February 15, 2013 - Posted by | Scripts

5 Comments

  1. Today, for the first time, I added a custom command to SpaceFM. I almost feel ashamed for looking at the documentation because it was so much easier than I was expecting. Especially with having a custom key combo, it’s really convenient to use. I now have play-to functionality working for my HTPC, and it makes perfect sense to do it from SpaceFM. I can’t imagine doing this with another file manager. Thanks!

    Comment by BwackNinja | February 23, 2013

    • Howdy, Yes, it’s very easy to add custom commands to SpaceFM, and they can be very capable or simple, but the customization menu is unobtrusive (to keep the UI clean and simple). This means it also remains hidden and many users never discover much of what SpaceFM can do – a cost of keeping the interface reasonable. I do recommend all SpaceFM users browse through the Design Mode docs just so they know the possibilities – you don’t need to be a programmer to use them. For more capable uses, keep socket commands in mind as well – lots of example provided there.

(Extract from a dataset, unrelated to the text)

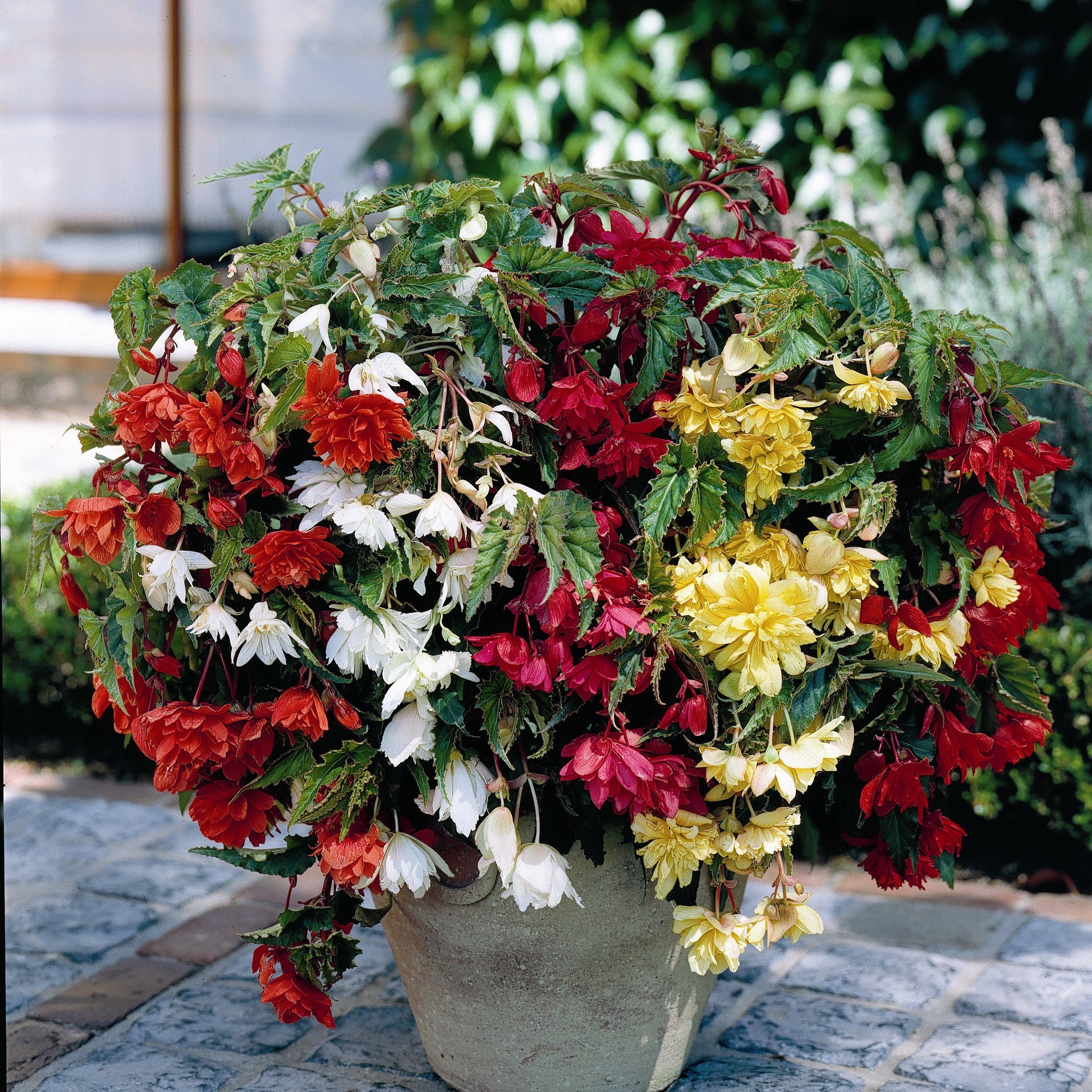 Begonia pendula - Hänge-Begonien einfach Mischung - Begonien-Zwiebeln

      Also note that in the upcoming 0.8.7, the desktop manager menu is fully design-mode capable. This also means you can add commands as style Custom to that menu which point to a desktop file to add a custom app menu, etc., among other new features in this version.

      And thank YOU for the nice job you did bringing SpaceFM into GTK3. Now that your code has finally reached master after months of various testing stages (my paranoia) and is the default package in major distros like Arch, it’s still holding up very well – very few problems. Although you did having me going for a bit here#253. ;) I hope you’ll consider contributing in the future as things come up. Movable icons is one thing missing from the desktop support, and given the way you handled cairo etc I think you’d be a good candidate for that if it interests you. Patrick has been very supportive of the SpaceFM project and he’s even offering a bounty on this one, which would be yours.

      Either way, thanks again for your contributions – nice work!

      Comment by IgnorantGuru | February 24, 2013

      • It’s funny to admit that I can’t even call myself a power user of SpaceFM. I don’t end up leveraging much more than its basic use.

        I can imagine the source of that bug was a pain to locate. I’ll try to get back to contributing sometime soon. I’ve been busy recently and I only just now had the time to deal with my HTPC properly even though I built it 2 months ago. Movable icons sounds like an interesting problem. I guess it would have to be done by pixel rather than by grid square because of the variable height of the filenames. Handling changes in screen resolution would be something I’d want to do right, but I would probably defer it until everything else was working correctly.

        From a quick look at the code, the change wouldn’t be too hard, but I think you’d be better equipped to solve the issue. To get movable icons, you just need to modify the layout_items function in desktop-window.c to load the previous position of an icon if in movable icons mode, and save it when you drag and drop an icon. Adding new icons can be done by just finding the first place where they wouldn’t intersect with an existing icon. The sorting functions would also need to reset the icon positions. I was expecting this to be a harder problem, but the because the desktop code draws all the icons itself, the codebase looks like its already well equipped for this change.

        Comment by BwackNinja | February 24, 2013

        • Thanks for looking it over – sounds promising. I haven’t had much occasion to work in that area. I’d also like the snap-to-grid, but I imagine that would just be a matter of rounding to the nearest whatever. Btw are there any docs on cairo-related stuff that you recommend beyond the API docs? Hard to get an overview of how it works with just function definitions.

          Comment by IgnorantGuru | February 24, 2013

          • The tutorial on the site is fairly straightforward and covers the drawing model well: http://cairographics.org/tutorial/

            After that, SpaceFM’s own desktop drawing code is probably a good place to look as an example and shows the interaction with gtk2&3 well with the gtk2’s expose-event vs gtk3’s draw-event.